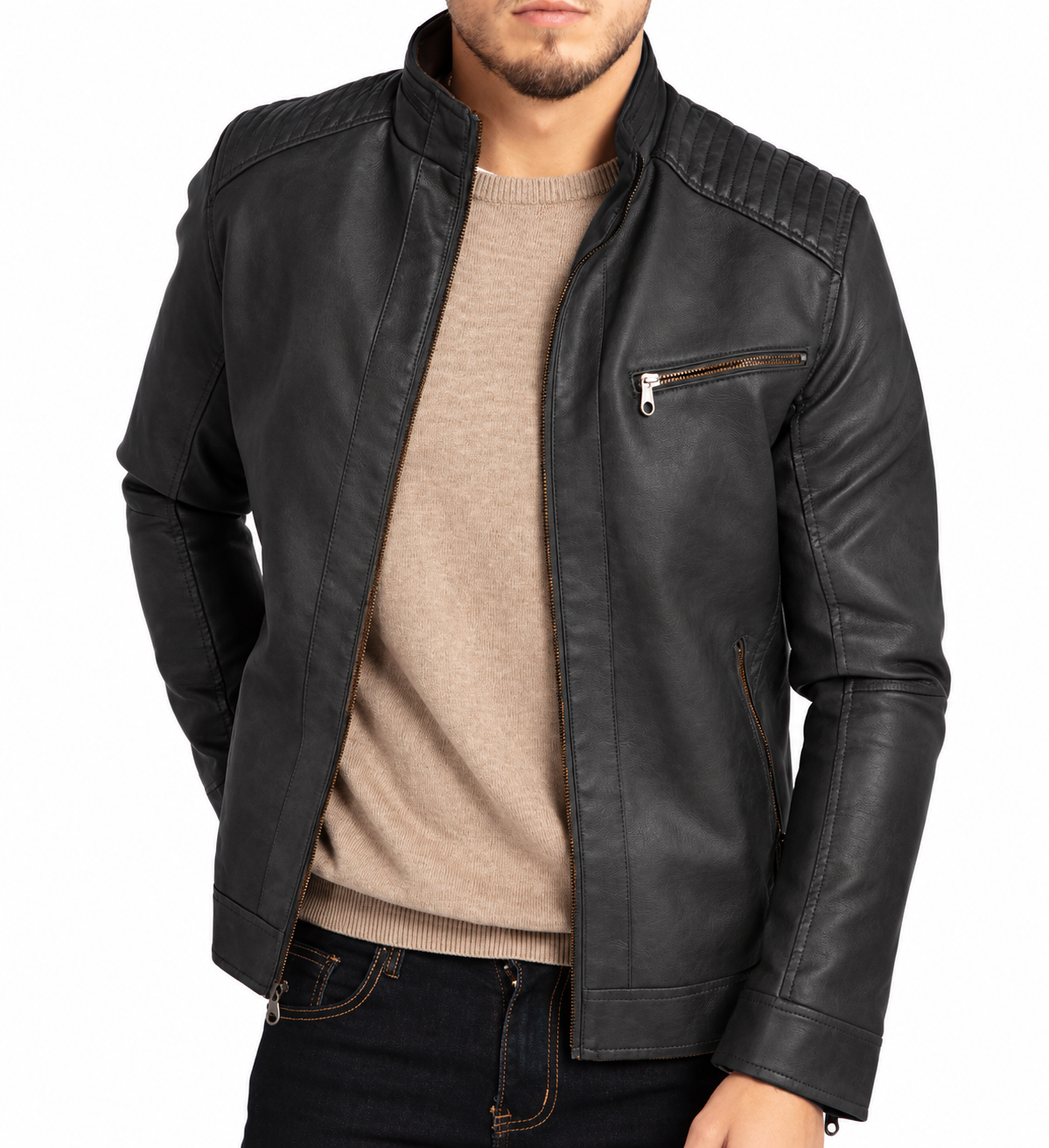 Timothy Faux Leather Jacket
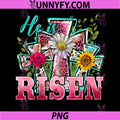 He is Risen Cross Jesus PNG, Religious Easter Day Christians PNG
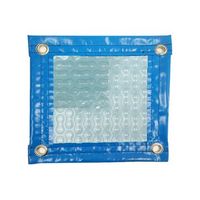 cobertor solarmanta termica de 500 micras solar energy con refuerzo en todo el contorno de 10 x 45m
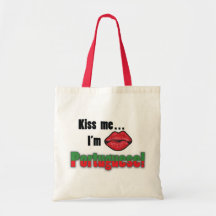 Kiss me I'm Portuguese Tote Bags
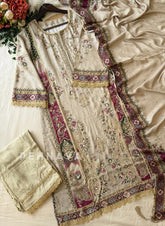 Muslin Unstitched Suit-351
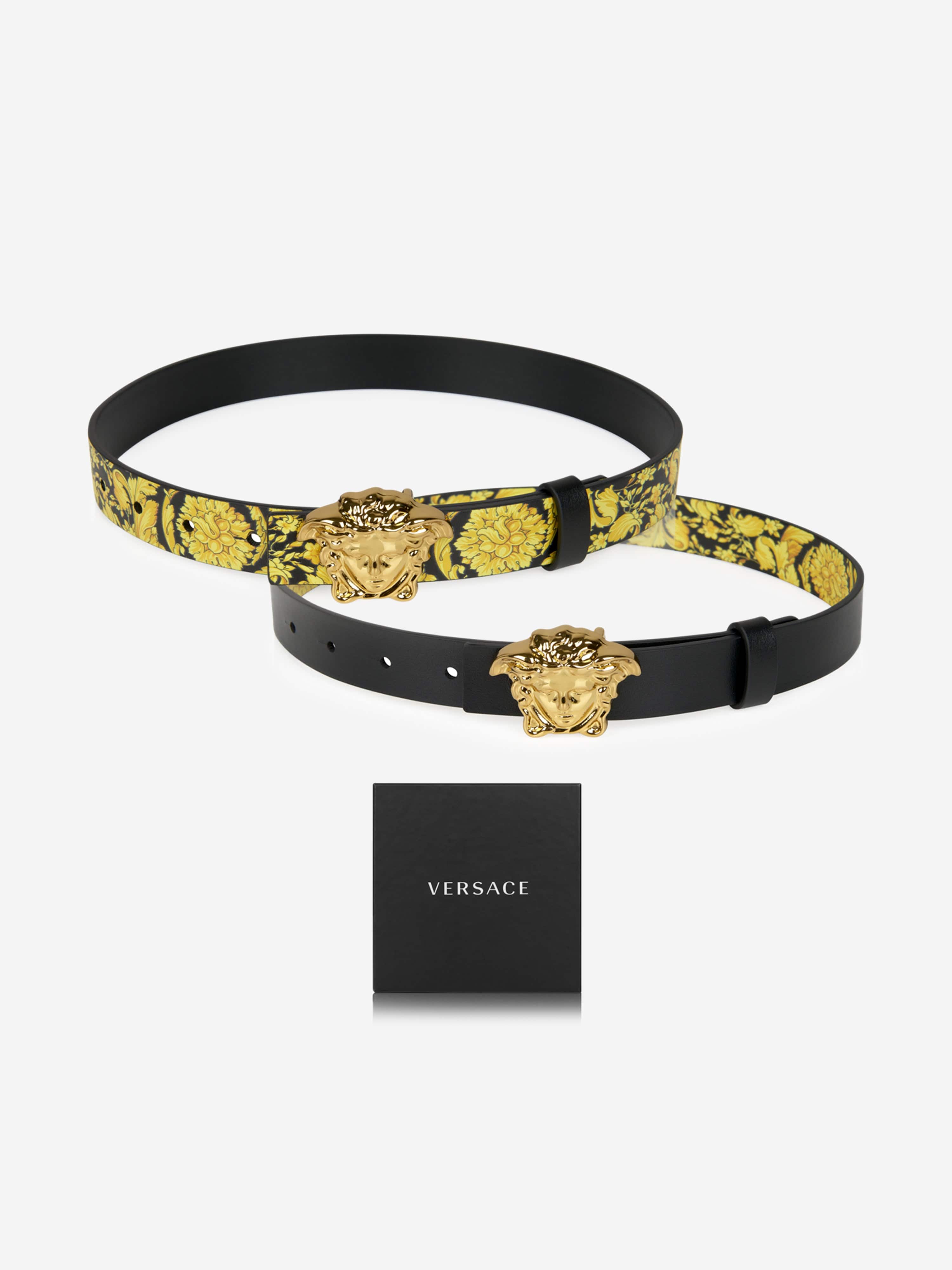 Versace Kids Barocco Reversible Belt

_ _ _ _

### Assignment
Whatever pictures the entries contain, omit them, and write the rest out exactly.

### Response to the exercise
 Timothy Faux Leather Jacket
 He is Risen Cross Jesus PNG, Religious Easter Day Christians PNG
 cobertor solarmanta termica de 500 micras solar energy con refuerzo en todo el contorno de 10 x 45m
 Kiss me I'm Portuguese Tote Bags
 Muslin Unstitched Suit-351
 Versace Kids Barocco Reversible Belt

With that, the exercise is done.